Welfare Approximation in Additively Separable Hedonic Games
Martin Bullinger, Vaggos Chatziafratis, Parnian Shahkar
TL;DR
The paper studies welfare maximization in additively separable hedonic games (ASHGs), proving strong worst-case hardness and identifying tractable regimes. It shows an $n^{1-\varepsilon}$-inapproximability for restricted valuations and, when the total value is nonnegative, a randomized $O(\log n)$-approximation by connecting welfare to correlation clustering. It then analyzes stochastic models based on Erdős–Rényi and random balanced/multipartite graphs, obtaining constant-factor and $O(\log n)$-approximation guarantees with high probability via greedy methods and Turán-graph reductions. Overall, the work clarifies the boundary between hard and tractable instances of welfare optimization in hedonic games and highlights algorithmic techniques that generalize to related graph-partitioning problems.
Abstract
Partitioning a set of $n$ items or agents while maximizing the value of the partition is a fundamental algorithmic task. We study this problem in the specific setting of maximizing social welfare in additively separable hedonic games.

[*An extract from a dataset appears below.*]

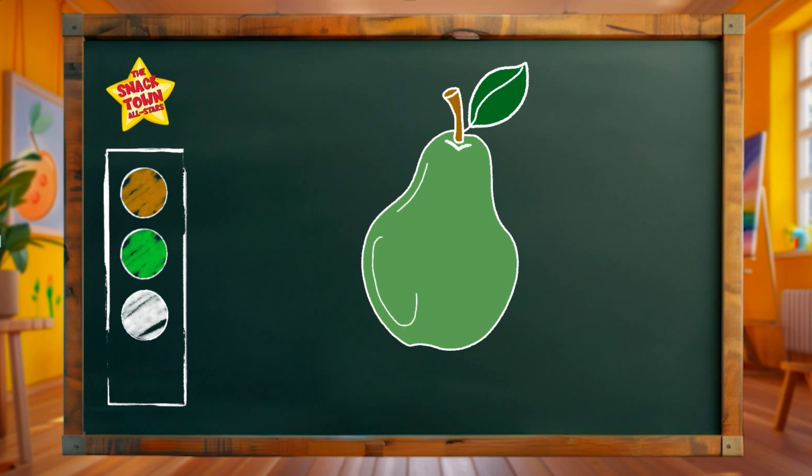Swish, swoosh, swizzle! Just like that! A juicy, delicious pear! Let's spell it together! Pear. P-E-A-R. Pear. What a fruity masterpiece!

Unfortunately, this task faces strong computational boundaries: Extending previous results, we show that approximating welfare by a factor of $n^{1-ε}$ is NP-hard, even for severely restricted weights. However, we can obtain a randomized $\log n$-approximation on instances for which the sum of input valuations is nonnegative. Finally, we study two stochastic models of aversion-to-enemies games, where the weights are derived from Erdős-Rényi or multipartite graphs. We obtain constant-factor and logarithmic-factor approximations with high probability.